First we will download the dataset from the Kaggle Website. The dataset are train.csv and test.csv.

Now we set the directory to the directory folder

setwd("C:/Users/la5w7/Desktop/Spring 2018/CS-5565-Intro-to-Statistical-Learning/Project")

Now I can read the csv file.

titanic.train <-read.csv(file="train.csv",stringsAsFactors = FALSE,header = TRUE)

Here we have used the stringAsFactors = FALSE as we want to do some manupulation on the dataset whereas by deafult the R will transform that dataset into dataframe and convert all strings into categories. We do not want that we will do some manupulation on the dataset.
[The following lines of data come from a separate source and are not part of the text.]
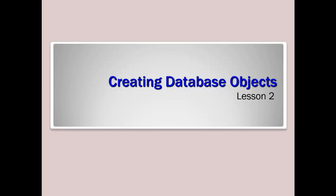Hello everyone, this is just a brief overview of Lesson 2 from your Database Administration Fundamentals training, and this is over Creating Database Objects.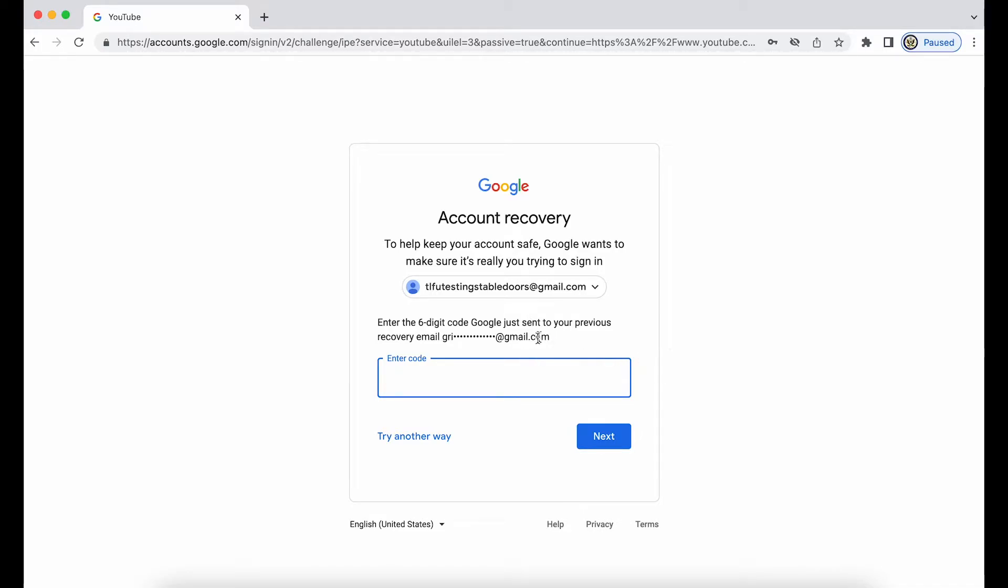So Google, because as you can see it's a Gmail, Google assumed that I have access to it because they know it exists and it is still functional, and therefore it may very well be possible that I can receive that six-digit code.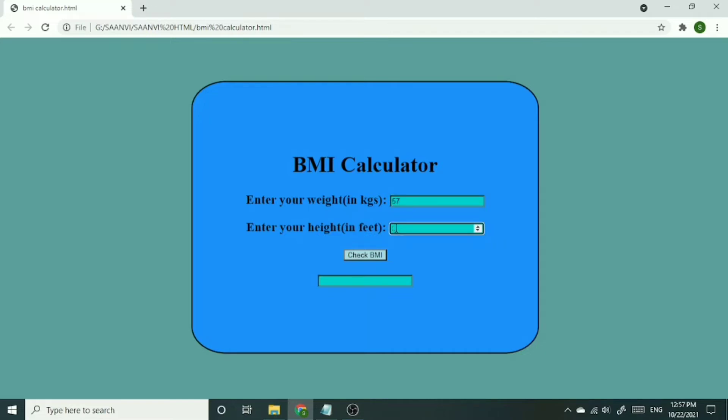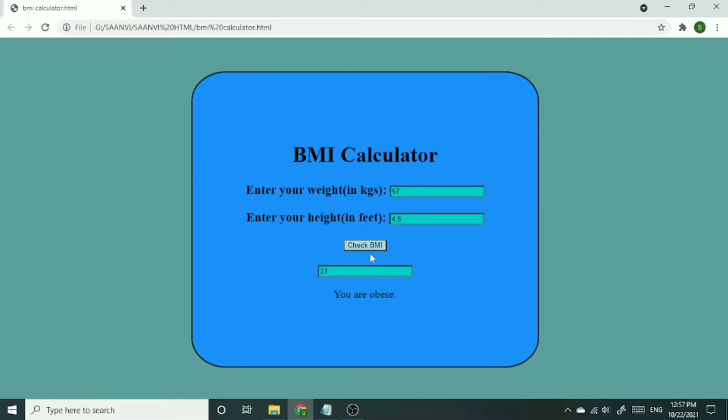Like here, I have entered weight 57 and height 4.5. So the BMI it is showing is 31, and it is also showing us that you are obese.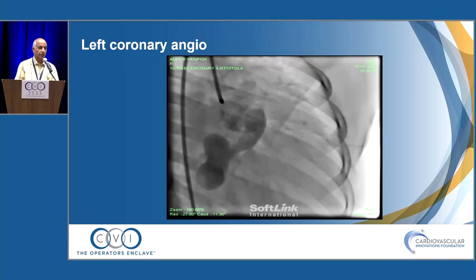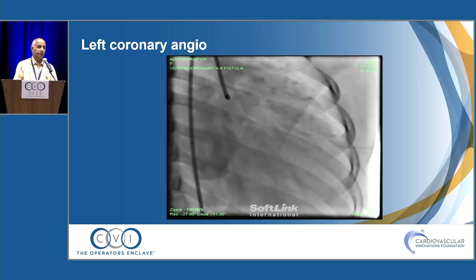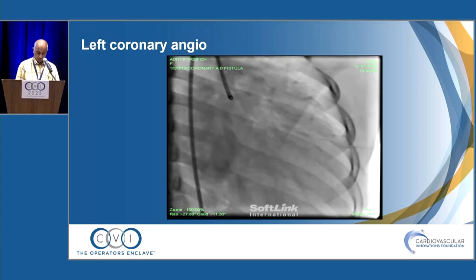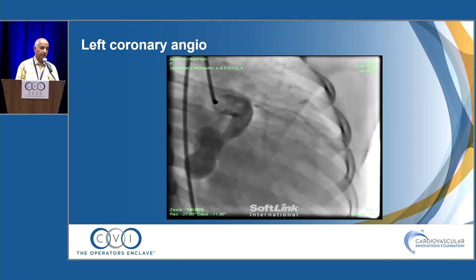On color Doppler, there are increased color flow signals from the coronary sinus. We took the patient for angiography and found a large left main, a very small left anterior descending, a usually dilated left circumflex, and a large fistula connecting to the coronary sinus. The patient was taken for device closure.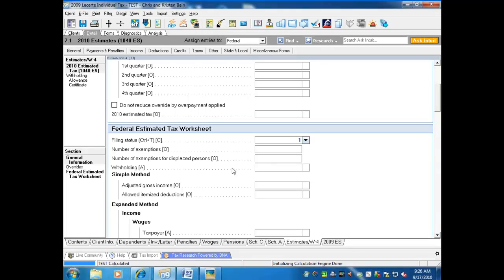There is another type of client who wants the program to calculate estimates based on their projected income. The program automatically generates estimates based on current income, but a client preparing a return may tell you their income is going up or down — they might have lost their position or received a promotion and increased bonuses. These clients want to make sure they don't owe much at the end of the year. The estimated tax worksheet can help generate these estimates; income and deductions are easy to adjust and the program calculates the new estimates for you.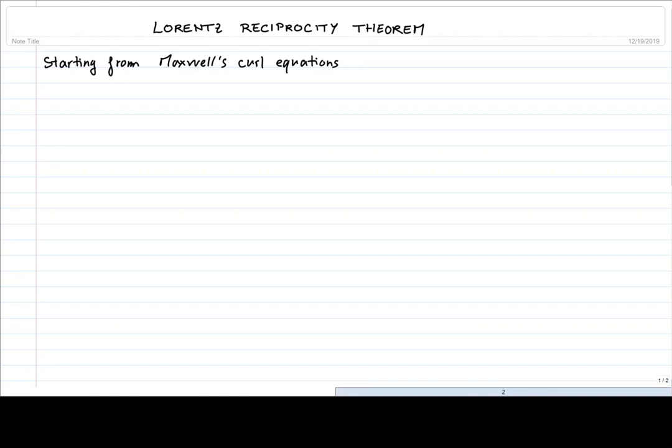Hello everyone and welcome back to this nanophotonics and plasmonics course. In this video we cover the derivation of the Lorentz reciprocity theorem from Maxwell's curl equations.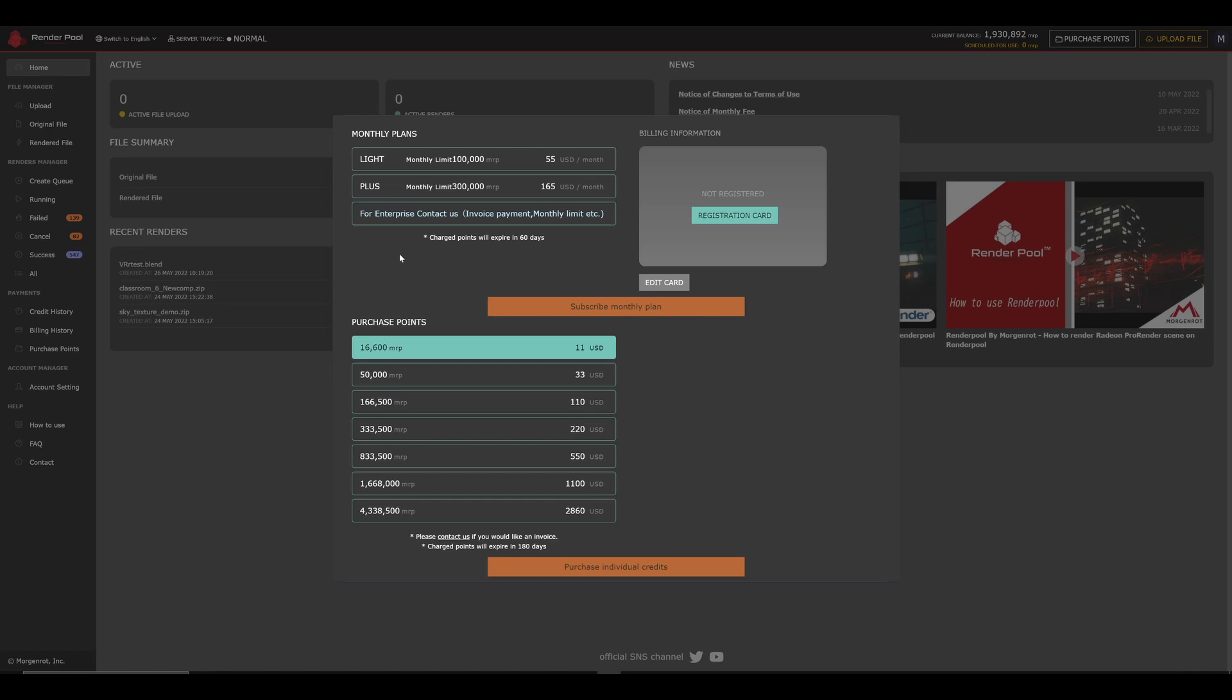Excess points are carried over to the following month, and if you exceed the limit of your monthly plan, you can still purchase points from the credit plan.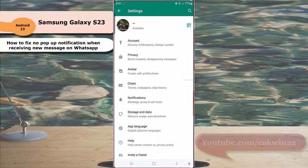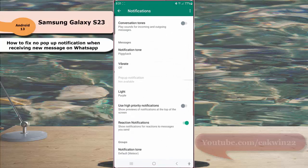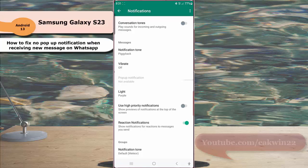Tap notification. Under messages section, tap the grey toggle next to use high priority notification to enable this option.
We will the methodology that we will combine the dataset both in one file and clean them together rather than cleaning the train and test seperately.

str(titanic.test)
'data.frame':   418 obs. of  11 variables:
 $ PassengerId: int  892 893 894 895 896 897 898 899 900 901 ...
 $ Pclass     : int  3 3 2 3 3 3 3 2 3 3 ...
 $ Name       : chr  "Kelly, Mr. James" "Wilkes, Mrs. James (Ellen Needs)" "Myles, Mr. Thomas Francis" "Wirz, Mr. Albert" ...
 $ Sex        : chr  "male" "female" "male" "male" ...
 $ Age        : num  34.5 47 62 27 22 14 30 26 18 21 ...
 $ SibSp      : int  0 1 0 0 1 0 0 1 0 2 ...
 $ Parch      : int  0 0 0 0 1 0 0 1 0 0 ...
 $ Ticket     : chr  "330911" "363272" "240276" "315154" ...
 $ Fare       : num  7.83 7 9.69 8.66 12.29 ...
 $ Cabin      : chr  "" "" "" "" ...
 $ Embarked   : chr  "Q" "S" "Q" "S" ...

you can see the survival is missing. So the aim of this project is to train the model of the dataset train and then apply that model on test dataset and compare the results with the dataset given and find the accuracy of our model.

Now we will combine the both files and clean the data. You can do the cleaning on both the test and train data alone.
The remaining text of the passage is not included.